1919 Will of Matilda Barnett Tinsley

Matilda E. Barnett was the wife of Captain Woodbury Tinsley, of Ohio County.  The daughter of Joseph C. Barnett and Frances Bennett, Matilda was born December 16, 1842.  She and her husband, who was a captain in the Civil War, raised four children – Elmer, Orlistis, Wilburn and Etta.  Captain Tinsley died May 16, 1907, and his wife survived another eighteen years.

The local newspapers give lovely accounts of Mrs. Matilda Tinsley.  In December of 1911 a short notice reads, ‘A number of Mrs. Matilda E. Tinsley’s relatives gave her a very agreeable surprise last Saturday in honor of her 69th anniversary.  By arrangement the relatives all met at her residence on Walnut Street about noon with everything good to eat and many useful presents.  Everybody had a most pleasant time and Mrs.

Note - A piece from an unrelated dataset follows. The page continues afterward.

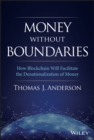 Money Without Boundaries : How Blockchain Will Facilitate the Denationalization of Money - eBook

Tinsley was overjoyed.’

In November of 1919 there is a note about her trip south, ‘Mrs. Matilda E. Tinsley, accompanied by her son, Mr. E. E. Tinsley, left Tuesday for Decatur, Alabama, where they go to visit Mrs. Tinsley’s daughter, Mrs. S. E. Bennett and Mr. Bennett and family.  Mrs. Tinsley will remain two months or more, while Mr. Tinsley will return the first of next week.’

And in June of 1921, ‘Mrs. Matilda Tinsley had as her guests for dinner last Saturday, at her home on Walnut Street, quite a number of her relatives, including her daughter, Mrs. S. E. Bennett, of Decatur, Alabama, and two sons, W. S. Tinsley, city, and O. R. Tinsley, of the Washington community.’

Don’t you love small town newspapers that give peeks into the everyday lives of our ancestors?

Alexander Cemetery, Ohio County, Kentucky.

Matilda Tinsley made her will at the end of 1919 but lived another six years.  Son Elmer was deceased by this date.  She was buried in Alexander Cemetery, but unfortunately we did not take a photo of her gravestone while visiting the cemetery last October.

Ohio County Will Book E, Page 205

Whereas I, Matilda E. Tinsley, of Hartford County, Kentucky, deeming myself mentally capable and desiring to make complete and final disposition of my property, after death, do make and publish this instrument as my last will and testament.

First – It is my will and desire that my body receive the usual and customary burial, and that a monument, the exact duplicate in so far as possible and practicable, shall be erected at my grave as that marking the resting place of my deceased husband, Woodbury Tinsley, and that all expenses incident to any sickness, my burial and for the monument erected, be first fully settled.

Second – I will, devise and bequeath all of my property, both real and personal as well as mixed, to my four children, viz., Elmer E., Orlistis R. and Wilburn S. Tinsley, and to Etta M. Bennett, share and share alike.  To have and dispose of in any manner as seemeth best in their judgment, after division shall have been made.

Third – It is my desire except as my said four children may otherwise mutually agree, that the four Liberty Loan U. X. Government bonds which I possess in the sum of $50.00 each to be divided one to each beneficiary herein named.

Fourth – Deeming it best perhaps that such of my personal effects as bedding, household and kitchen furniture, and kindred articles be sold, and the proceeds be divided, I make that direction except, however, in case my Executors, whom I shall hereafter name, and who shall qualify unanimously agree otherwise.

Fifth – It is my express desire and I hereby empower and clothe my Executors with full authority to transfer, sell and convey any and all real estate of which I may die seized or possessed, making the title absolute and as lawful as I myself could if living.

Sixth – I hereby nominate and appoint my three sons, Elmer E., Orlistis R. and Wilburn S. Tinsley as Executors of this my will, especially directing that they serve without the execution of bond and that no appraisement of any of my property to be made other than that which the said Executors may wish to make themselves, or have made under their direction out of Court, neither shall there be any sort of report made in or to the Court.  I further direct that in case something should arise to keep either of the above named from serving as executor, that the remaining two shall act, or in case it should be utterly impossible for any two to serve, that the remaining one shall serve and act doing that which the three might have done.

I designate my three sons for the reason that my beloved daughter and her husband reside in another state and quite a long distance from my place of residence, and for that reason do not wish to entail the hardship and expense upon either of them of coming here to attend to any of the small business necessary to be transacted.

In case either of the beneficiaries hereinfore named should die before my estate is administered upon, I direct that settlement with legal or statutory representative be made in lieu thereof.

In testimony whereof, I hereunto set my hand, this 21st day of November, A.D. 1919.

Matilda E. Tinsley

The foregoing instrument of writing was signed by the Testator therein, Mrs. Matilda E. Tinsley, in our presence and by her request was signed by us in her presence and in the presence of each other.

Witness our hands, this the 21st day of November 1919.

McDowell A. Bogle, Ramey E. Duke

The foregoing instrument of writing purporting to be the last will and testament of Matilda E. Tinsley, deceased, was this day produced in open court and upon the sworn testimony of Ramey E. Duke, one of the subscribing witnesses thereto and the other witness being absent, the handwriting of the said Matilda E. Tinsley was proven to be genuine by Wilburn S. Tinsley, and upon such testimony it was proven to be the last will and testament of the said decedent, and was probated and ordered to record as such, which is now done accordingly.